WHAT IS BEING ASKED: Please repeat every entry exactly as written, but skip the pictures.

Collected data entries

-- -- --

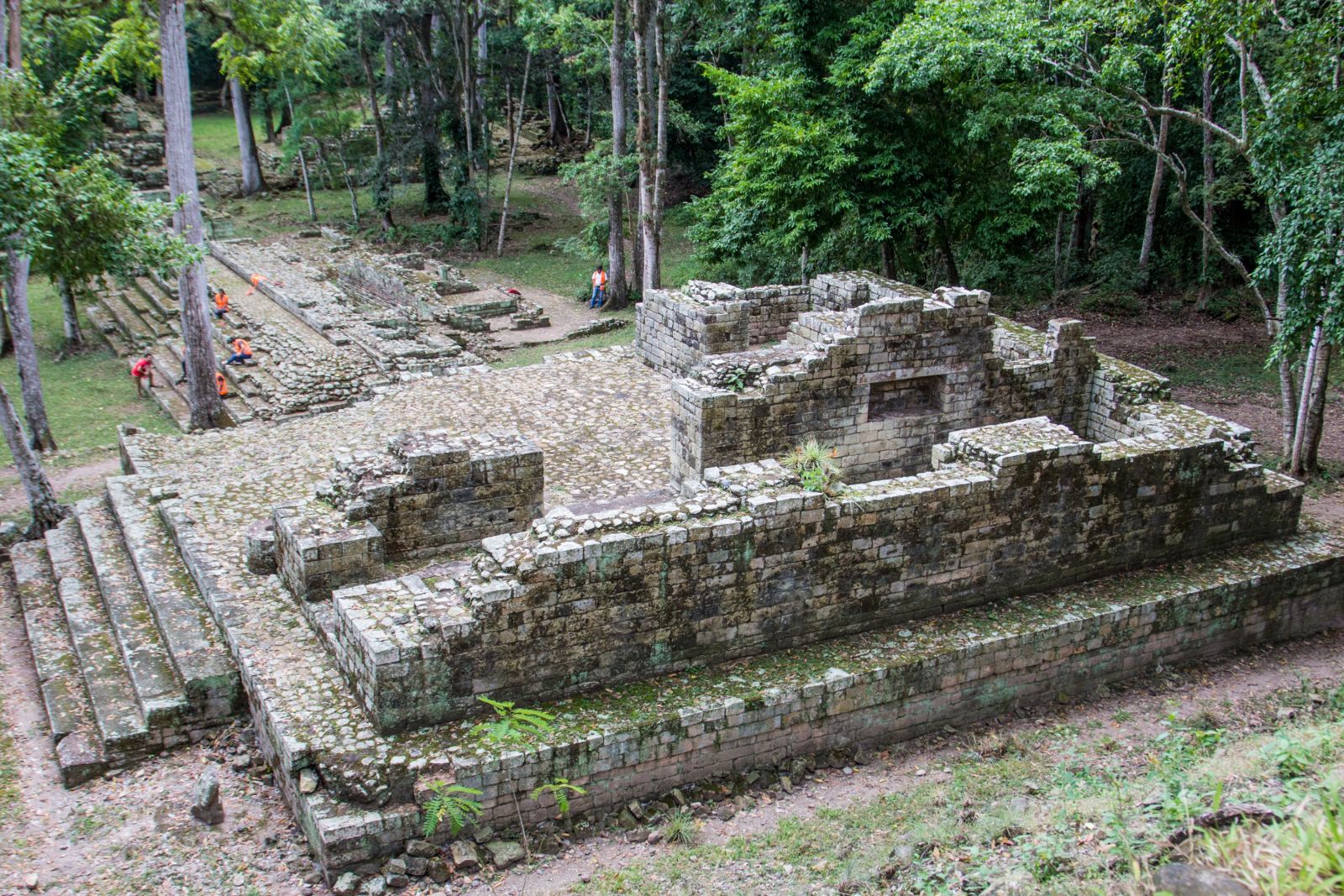 Maya-Ruine im Wald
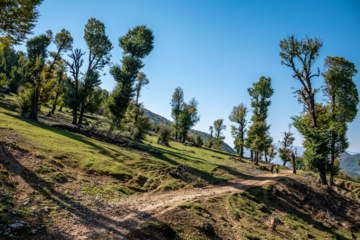 دشت مرکوه در استان گلستان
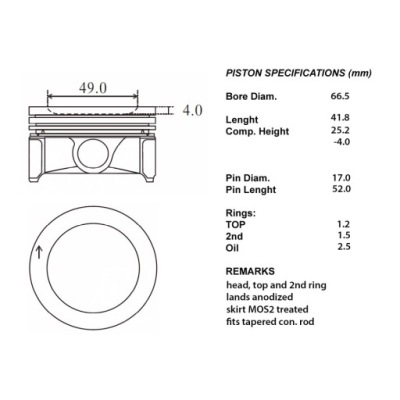 Iap quality parts 100-00110 поршень фото №1
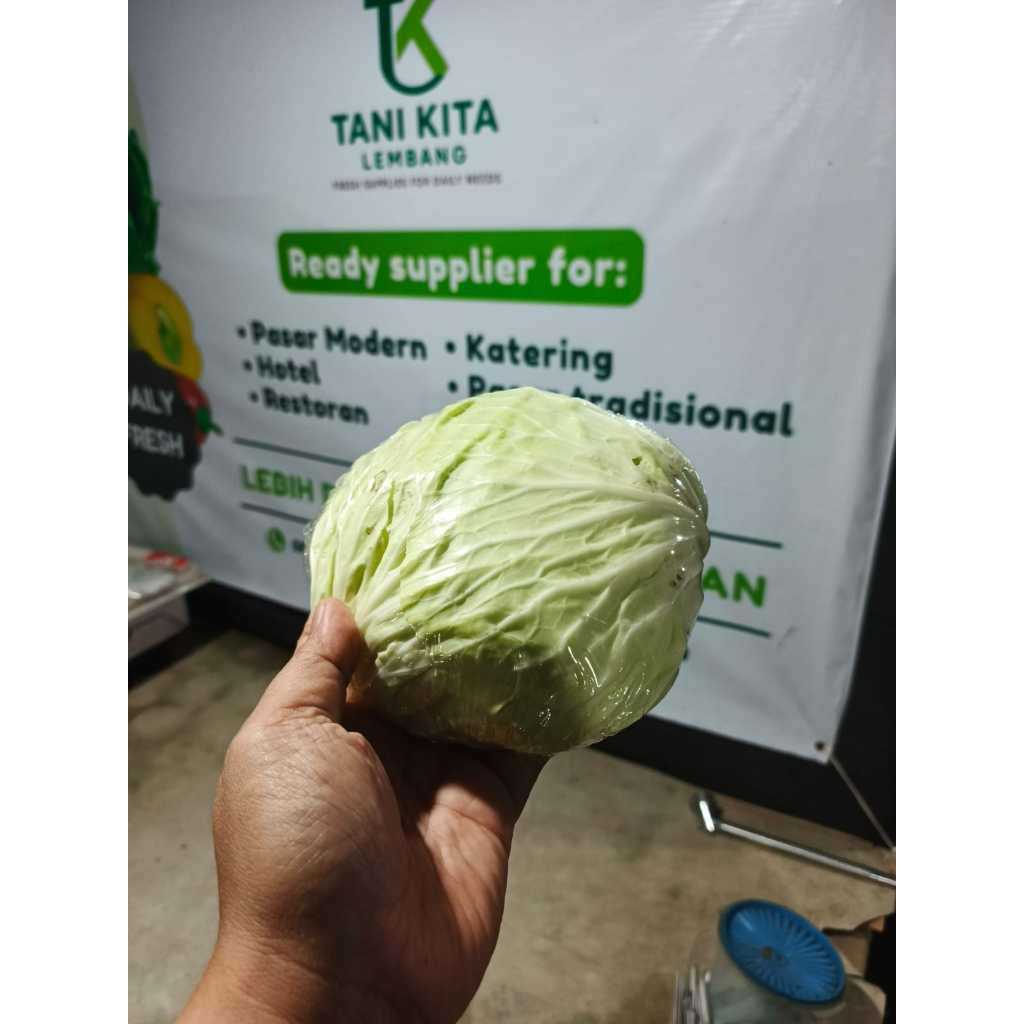 

Kol Putih 500gr | Kubis Putih Segar | Sayuran Fresh Tani Kita Lembang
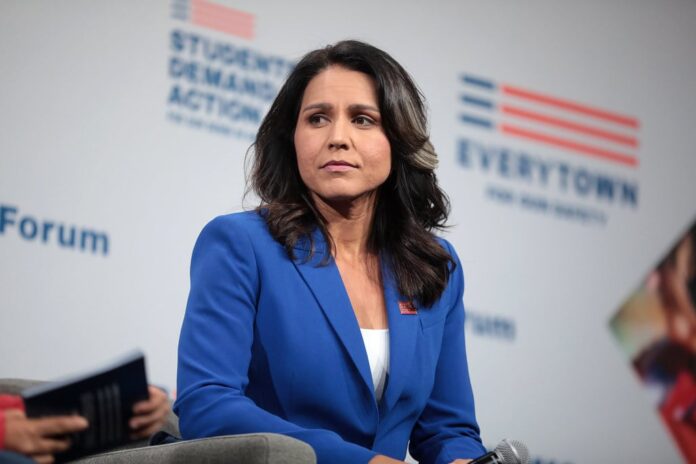 tulsi gabbard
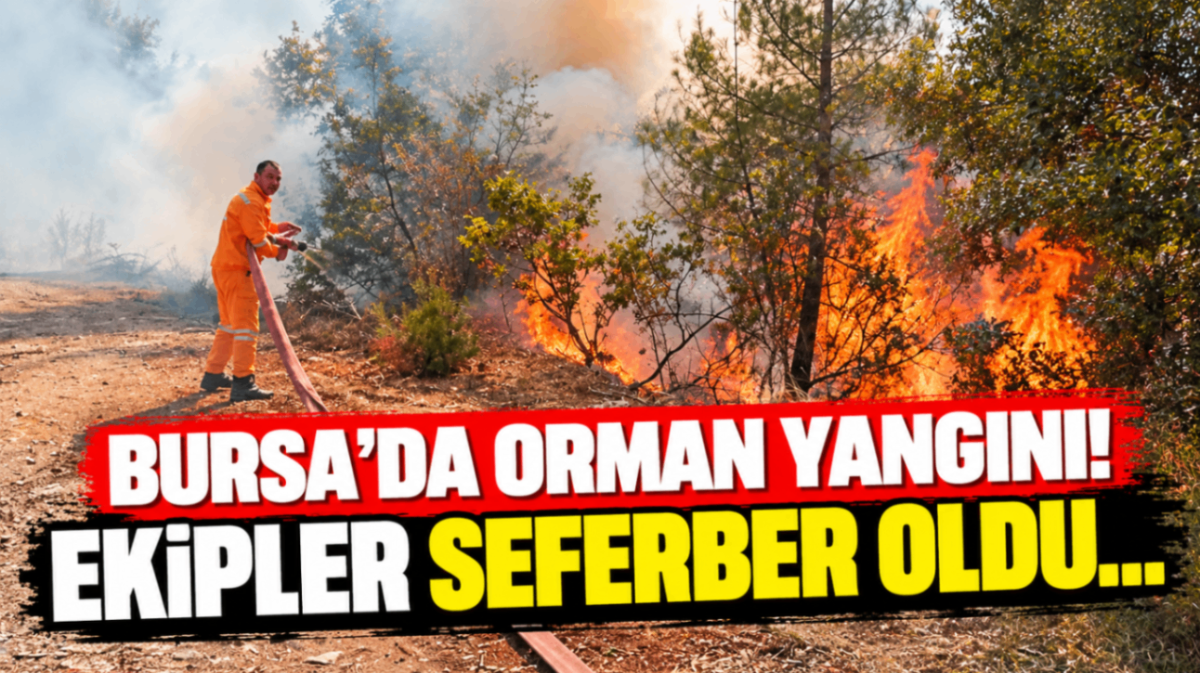 Bursa’da orman yangını! Ekipler seferber oldu…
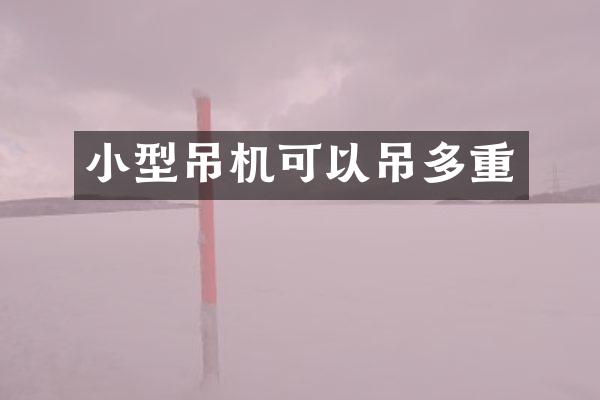 小型吊機可以吊多重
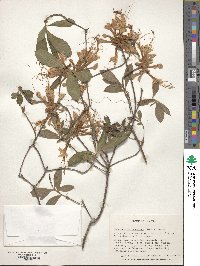 Rhododendron austrinum image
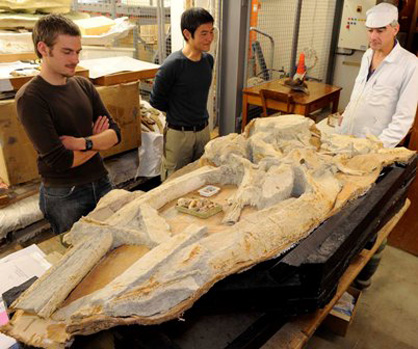 Felix Marx and other paleontologists with a skull of Mauicetus, an archaic baleen whale in the Geology Museum, University of Otago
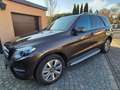 Mercedes-Benz GLE 350 GLE 350 d 4Matic 9G-TRONIC Braun - thumbnail 3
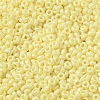 Baking Paint Glass Seed Beads SEED-P006-03A-15-3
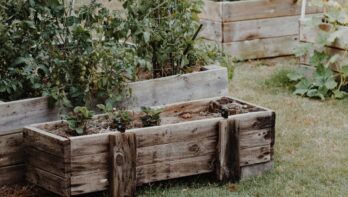 Hoe moet je een houten plantenbak onderhouden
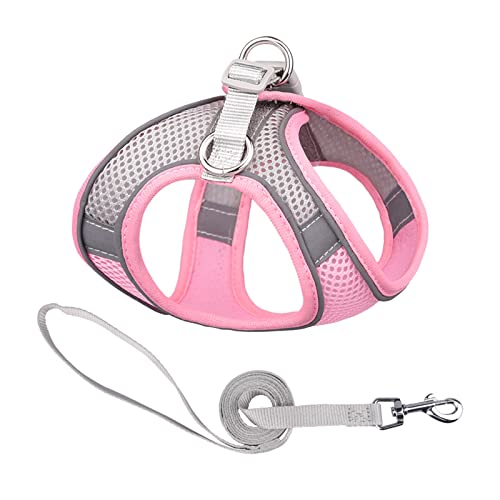 PETCUTE No-Pull Hundegeschirr,Verstellbare Hundegeschirr für Kleine, mittelgroße und große Hunde,Reflektierend Softgeschirr mit D-Ring,Atmungsaktiv Mesh Sicherheitsgeschirr für Kleine Mittlere Hunde von PETCUTE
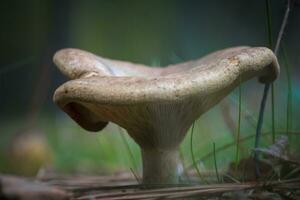 paxillus involuto, además conocido como el marrón llanta enrollable o común llanta enrollable es un basidiomiceto hongo ese es extensamente repartido a través de el del Norte hemisferio. foto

-- -- --

RESPONSE TO THIS EXERCISE:
 Maya-Ruine im Wald
 دشت مرکوه در استان گلستان
 Iap quality parts 100-00110 поршень фото №1

Kol Putih 500gr | Kubis Putih Segar | Sayuran Fresh Tani Kita Lembang
 tulsi gabbard
 Bursa’da orman yangını! Ekipler seferber oldu…
 小型吊機可以吊多重
 Rhododendron austrinum image
 Felix Marx and other paleontologists with a skull of Mauicetus, an archaic baleen whale in the Geology Museum, University of Otago
 Mercedes-Benz GLE 350 GLE 350 d 4Matic 9G-TRONIC Braun - thumbnail 3
 Baking Paint Glass Seed Beads SEED-P006-03A-15-3
 Hoe moet je een houten plantenbak onderhouden
 PETCUTE No-Pull Hundegeschirr,Verstellbare Hundegeschirr für Kleine, mittelgroße und große Hunde,Reflektierend Softgeschirr mit D-Ring,Atmungsaktiv Mesh Sicherheitsgeschirr für Kleine Mittlere Hunde von PETCUTE
 paxillus involuto, además conocido como el marrón llanta enrollable o común llanta enrollable es un basidiomiceto hongo ese es extensamente repartido a través de el del Norte hemisferio. foto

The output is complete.